Sam Staples

Personal information
- Full name: Samuel James Staples
- Batting: Right-handed
- Bowling: Right-arm offbreak

International information
- National side: England;
- Test debut: 21 January 1928 v South Africa
- Last Test: 4 February 1928 v South Africa

Career statistics
| Competition | Test | First-class |
| Matches | 3 | 385 |
| Runs scored | 65 | 6,470 |
| Batting average | 13.00 | 17.02 |
| 100s/50s | 0/0 | 1/19 |
| Top score | 39 | 110 |
| Balls bowled | 1,149 | 75,609 |
| Wickets | 15 | 1,331 |
| Bowling average | 29.00 | 22.85 |
| 5 wickets in innings | 0 | 72 |
| 10 wickets in match | 0 | 11 |
| Best bowling | 3/50 | 9/141 |
| Catches/stumpings | 0/– | 335/– |
- Source: CricInfo, 2 August 2020

= Sam Staples =

English cricketer

Samuel James Staples (18 September 1892 – 4 June 1950) was an English cricketer who played first-class cricket for Nottinghamshire in the 1920s and early 1930s. He played in three Tests for England against South Africa in 1927–28. He would have toured Australia in 1928–29 but his health broke down before the tour began.

However, as a stock bowler for Nottinghamshire, Staples was an essential part of their successful team in the 1920s because his long spells of accurate medium-pace bowling allowed speedster Harold Larwood and the physically sensitive Tich Richmond to be more effective. Although on a relatively few occasions his off-break from round the wicket could be quite unplayable, Staples rarely obtained exceptional averages even in helpful summers but there is unlikely that without his ability to keep more penetrative bowlers fresh, Nottinghamshire's bowling would have been less formidable.

== Biography ==
Born on 18 September 1892, Newstead Colliery, Nottinghamshire, Staples first played for Nottinghamshire in 1920. Though he accomplished a few good performances such as 6 for 81 against the great Surrey batting side at The Oval, it was though he had little sting, and although he obtained a permanent place in 1921 and took 76 wickets, there was still little to suggest a significant career. Although in 1922, Staples bowled very well at times (notably four quick wickets to round off a brilliant win over Yorkshire) and made 85 not out in a last wicket stand of 140 with Richmond, he did not establish a reputation as a major force in the game until 1923, when his bowling gave Yorkshire its only defeat in the Championship and he took almost 100 wickets. In addition, he surprised everyone by making 110 against Surrey in the August Bank Holiday match.

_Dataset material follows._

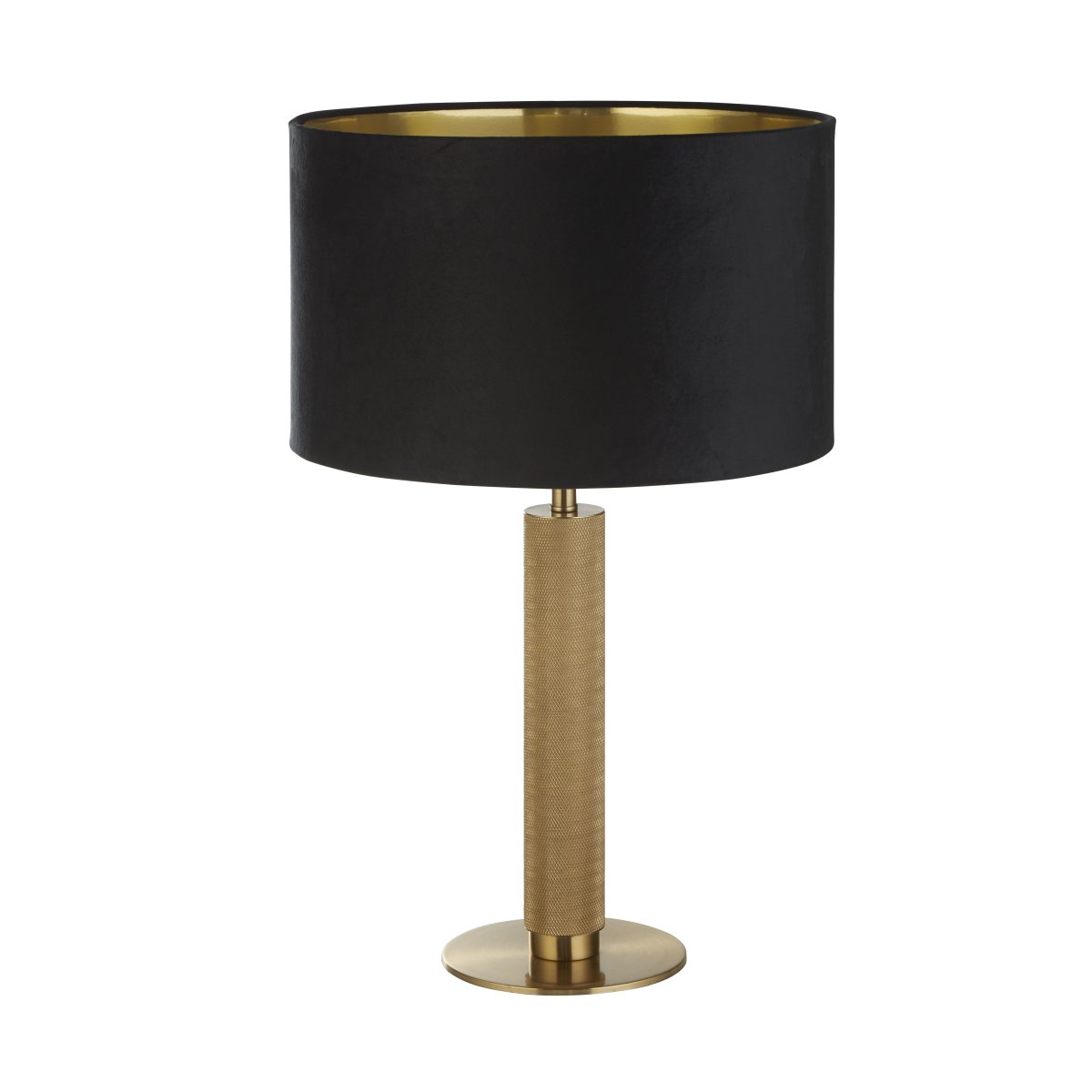 London 63cm Groente tafellamp Van Searchlight - Het moderne en stijlvolle design van de lamp maakt het een perfecte aanvulling voor iedereen die op zoek is naar een opvallend, maar discreet, detail in het interieur.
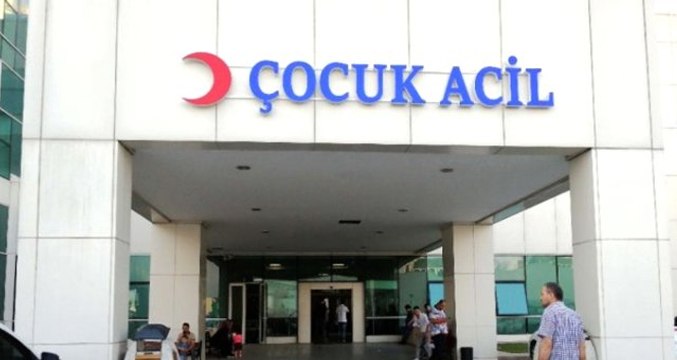 İstanbul'da Sultangazi Haseki Eğitim Araştırma Hastanesinin Çocuk Acil Bölümü karantinaya alındı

However, the appalling summer of 1924 brought a setback with Staples averaging 23 runs a wicket on very favourable pitches. In 1925, though his average was much higher than the other Nottinghamshire bowlers (Richmond, Larwood and Barratt) his workload was a vital factor in the team's success, and this trend continued throughout 1926, when Staples took 113 wickets. 1927, with Nottinghamshire missing the Championship due to a remarkable loss in their last game to previously winless Glamorgan, saw Staples have his best season with 132 wickets including 9 for 141 against Kent in a game where Carr put Kent into bat but the pitch proved easy. Because the matting wickets were suited to a medium-paced off-spinner like Staples, he was chosen to visit South Africa. He played in the last three matches of the five-Test series, taking 15 wickets. In 1928 Staples bowled so well that his persistence and accuracy were seen as great assets on the cast-iron Australian pitches, but illness prevented him touring and restricted his cricket somewhat in 1929, when he only just reached 100 wickets.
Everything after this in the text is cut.